United States District Court, C.D. California

December 17, 2019

BRETT WALKER, Petitioner,
v.
D. ASUNICON, Respondent.

          ORDER DISMISSING PETITION FOR WRIT OF HABEAS CORPUS

          HON. SHASHI H. KEWALRAMANI, U.S. MAGISTRATE JUDGE.

         On August 6, 2018, Petitioner Brett Walker (“Petitioner”), proceeding pro se, signed and subsequently filed a Petition for Writ of Habeas Corpus (“Pet.” or “Petition”) pursuant to 28 U.S.C. § 2254, challenging his 2014 conviction of robbery with a gun enhancement. Electronic Case Filing Number (“ECF No.”) 1. Both parties have consented to proceed before a United States Magistrate Judge. ECF Nos. 2, 14.

         In the Petition, Petitioner alleges two sentencing error claims. Because neither of Petitioner's claims is cognizable on federal habeas review and because they also fail on the merits, the Court DENIES the claims and DISMISSES the Petition with prejudice.

         I. PROCEDURAL HISTORY

         A. State Proceedings

         On May 1, 2014, Petitioner pleaded no contest to one count of robbery and admitted a related firearm allegation in the Los Angeles County Superior Court. Electronic Case Filing Number (“ECF No.”) 16-1 at 4-5.[1] The trial court sentenced Petitioner to two years for the robbery plus ten years for the firearm enhancement. Id. Petitioner did not appeal and his conviction became final 60 days later, on June 30, 2014, when his time to file a notice of appeal ran. Cal.
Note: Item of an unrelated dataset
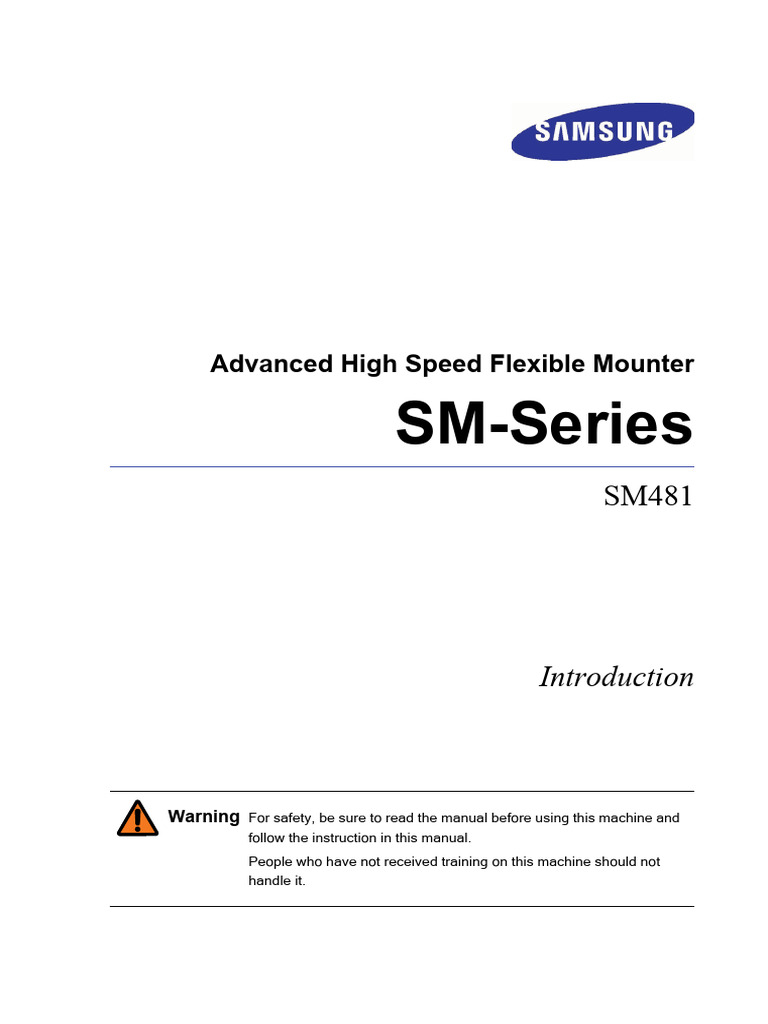 SM481 Introduction (Eng Ver1) | PDF | Printed Circuit Board ...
R. Ct. 8.308(a).

         Some three years later, on June 5, 2017, Petitioner constructively filed[2] a motion in the state superior court to modify his sentence under Proposition 57, arguing that his robbery conviction should be deemed a nonviolent felony so as to make him immediately eligible for parole consideration. ECF No. 16-2. The superior court denied the motion on June 13, 2017, finding that Proposition 57 does not apply to a violent crime such as robbery. ECF No. 16-1 at 5.

         Then, on June 18 and August 23, 2017, Petitioner sought relief again in the superior court, requesting that that court retroactively apply Proposition 57's juvenile justice reforms because he was a juvenile when convicted, and refer his case to the juvenile court for a fitness hearing. ECF Nos. 16-3, 16-4. The superior court denied the request in a reasoned order on September 1, 2017. ECF No. 16-1 at 6. Petitioner thereafter sought reconsideration of the superior court's order, which the superior court denied on October 4, 2017. Id.
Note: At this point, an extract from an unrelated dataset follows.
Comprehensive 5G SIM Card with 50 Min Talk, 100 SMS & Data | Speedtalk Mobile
         In the meantime, on September 30, 2017, Petitioner constructively filed a petition for writ of mandate in the California Court of Appeal, requesting that his case be transferred to the juvenile court for a fitness hearing under Proposition 57. ECF No. 16-6. On October 24, 2017, the court of appeal summarily denied the petition. ECF No. 16-7.

         Next, on November 12, 2017, Petitioner constructively filed another habeas petition in the superior court, again asking that his case be transferred to the juvenile court under Proposition 57. ECF No. 16-8. The superior court denied the petition on November 21, 2017, reasoning that Proposition 57 is not retroactive to a case that has reached final judgment. ECF No. 16-1 at 7.

         On January 18, 2018, Petitioner constructively filed a habeas petition in the California Court of Appeal seeking relief under Proposition 57 and a new state law, California Senate Bill No. 620. ECF No. 16-9. The court of appeal summarily denied relief on February 20, 2018. ECF No. 16-10. Petitioner next constructively filed a habeas petition in the California Supreme Court on March 8, 2018, raising the same claims raised in the court of appeal. ECF No. 16-11. On June 13, 2018, the California Supreme Court summarily denied relief. ECF No. 16-12 at 2.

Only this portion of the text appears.